The Motorola 6845 CRTC chip is quite versatile, and one of its unique characteristics is that it knows and cares nothing about the resolution or number of colors on the screen. It is just a display address generator, which is meant to provide some external hardware with a memory address that contains data to be displayed at some part of the screen. What to do with this address and data is completely up to the computer hardware, which can interpret it whichever it wants. So there is nothing in the 6845 chip that prevents using it to display 256, 4096 or 16777216 colors on the screen.

aidenn0 4 hours ago | parent | prev | next [-]

I didn't read your comment all the way to the end; later EGA games used similar dithering patterns (Loom[1] was one of the later and most visually impressive EGA games)

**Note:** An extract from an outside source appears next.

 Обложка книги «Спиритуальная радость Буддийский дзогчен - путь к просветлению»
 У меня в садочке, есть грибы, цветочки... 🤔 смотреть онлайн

1: https://www.superrune.com/tutorials/loom_ega.php

mrandish 2 hours ago | parent [-]

Those Loom comparisons between EGA and VGA are cool. Very impressive work that they did back then. It really highlights how much 16 color palettes forced artists toward simplified cartoon or comic-like representations yet adding just a couple hundred colors enabled the best artists to evoke almost photographic dimensionality, texture and lighting effects.

If you haven't seen it, you might find this site useful. https://en.wikipedia.org/wiki/List_of_color_palettes. I use it as a reference when I'm exploring original retro pixel art from various platforms.

jordibunster 9 hours ago | parent | prev [-]

I remember trying to install Slackware as a 16 year old living as an exchange student in Japan and not getting anywhere. Turns out PC98 needed a patched kernel.